▶ _Record set_

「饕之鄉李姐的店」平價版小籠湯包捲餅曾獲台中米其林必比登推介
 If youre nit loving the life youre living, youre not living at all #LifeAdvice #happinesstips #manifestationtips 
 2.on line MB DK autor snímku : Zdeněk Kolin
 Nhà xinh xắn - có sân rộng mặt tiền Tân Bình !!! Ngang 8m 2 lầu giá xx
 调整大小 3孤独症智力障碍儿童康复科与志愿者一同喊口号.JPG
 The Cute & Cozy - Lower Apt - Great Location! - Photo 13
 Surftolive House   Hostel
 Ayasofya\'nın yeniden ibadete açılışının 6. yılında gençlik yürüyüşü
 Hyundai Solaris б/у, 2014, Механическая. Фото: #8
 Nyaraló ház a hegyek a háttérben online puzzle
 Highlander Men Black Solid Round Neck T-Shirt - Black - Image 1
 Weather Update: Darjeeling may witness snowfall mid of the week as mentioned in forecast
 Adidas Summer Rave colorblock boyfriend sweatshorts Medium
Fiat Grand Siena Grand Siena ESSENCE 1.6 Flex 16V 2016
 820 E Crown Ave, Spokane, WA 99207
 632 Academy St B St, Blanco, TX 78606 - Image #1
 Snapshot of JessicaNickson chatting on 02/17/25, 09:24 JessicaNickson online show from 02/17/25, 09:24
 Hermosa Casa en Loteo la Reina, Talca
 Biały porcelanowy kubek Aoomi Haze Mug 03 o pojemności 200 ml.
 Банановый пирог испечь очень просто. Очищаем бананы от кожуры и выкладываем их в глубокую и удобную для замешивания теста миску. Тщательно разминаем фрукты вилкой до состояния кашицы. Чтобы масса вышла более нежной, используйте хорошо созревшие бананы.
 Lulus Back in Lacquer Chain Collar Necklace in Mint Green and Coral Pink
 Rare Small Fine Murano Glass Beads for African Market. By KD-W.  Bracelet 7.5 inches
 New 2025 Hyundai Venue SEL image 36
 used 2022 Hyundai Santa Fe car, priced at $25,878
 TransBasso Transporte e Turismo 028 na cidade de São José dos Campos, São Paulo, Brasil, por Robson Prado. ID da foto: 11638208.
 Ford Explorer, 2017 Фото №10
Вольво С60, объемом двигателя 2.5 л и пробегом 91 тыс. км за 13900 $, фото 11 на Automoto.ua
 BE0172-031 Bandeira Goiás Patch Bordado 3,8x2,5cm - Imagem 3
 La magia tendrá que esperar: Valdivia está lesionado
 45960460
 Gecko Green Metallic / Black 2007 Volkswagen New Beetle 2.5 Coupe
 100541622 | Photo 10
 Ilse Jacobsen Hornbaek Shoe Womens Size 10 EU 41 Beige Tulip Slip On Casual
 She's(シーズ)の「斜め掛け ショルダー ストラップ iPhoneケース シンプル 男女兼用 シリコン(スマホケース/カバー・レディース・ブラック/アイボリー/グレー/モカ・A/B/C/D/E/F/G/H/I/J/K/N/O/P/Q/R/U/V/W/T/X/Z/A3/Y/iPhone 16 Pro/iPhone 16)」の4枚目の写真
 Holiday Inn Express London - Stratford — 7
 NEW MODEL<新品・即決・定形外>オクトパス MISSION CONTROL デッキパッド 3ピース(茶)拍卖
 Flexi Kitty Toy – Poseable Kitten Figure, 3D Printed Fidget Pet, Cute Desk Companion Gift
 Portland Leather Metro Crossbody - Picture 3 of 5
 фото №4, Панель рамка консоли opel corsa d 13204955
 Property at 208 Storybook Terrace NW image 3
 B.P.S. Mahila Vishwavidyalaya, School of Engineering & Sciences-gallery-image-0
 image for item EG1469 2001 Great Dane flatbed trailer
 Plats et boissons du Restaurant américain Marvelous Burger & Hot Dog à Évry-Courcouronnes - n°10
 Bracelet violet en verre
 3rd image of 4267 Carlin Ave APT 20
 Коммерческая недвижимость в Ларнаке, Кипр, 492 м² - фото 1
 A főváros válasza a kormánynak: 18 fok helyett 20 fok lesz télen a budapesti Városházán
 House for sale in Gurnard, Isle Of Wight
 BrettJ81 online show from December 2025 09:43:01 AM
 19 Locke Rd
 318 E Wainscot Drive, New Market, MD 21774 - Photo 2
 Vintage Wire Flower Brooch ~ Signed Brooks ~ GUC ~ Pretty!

▶ _Task directions_
Each line from the start of the listing through the line with "Highlander Men Black" is to be restated verbatim, both ends included.

▶ _Written answer_
「饕之鄉李姐的店」平價版小籠湯包捲餅曾獲台中米其林必比登推介
 If youre nit loving the life youre living, youre not living at all #LifeAdvice #happinesstips #manifestationtips 
 2.on line MB DK autor snímku : Zdeněk Kolin
 Nhà xinh xắn - có sân rộng mặt tiền Tân Bình !!! Ngang 8m 2 lầu giá xx
 调整大小 3孤独症智力障碍儿童康复科与志愿者一同喊口号.JPG
 The Cute & Cozy - Lower Apt - Great Location! - Photo 13
 Surftolive House   Hostel
 Ayasofya\'nın yeniden ibadete açılışının 6. yılında gençlik yürüyüşü
 Hyundai Solaris б/у, 2014, Механическая. Фото: #8
 Nyaraló ház a hegyek a háttérben online puzzle
 Highlander Men Black Solid Round Neck T-Shirt - Black - Image 1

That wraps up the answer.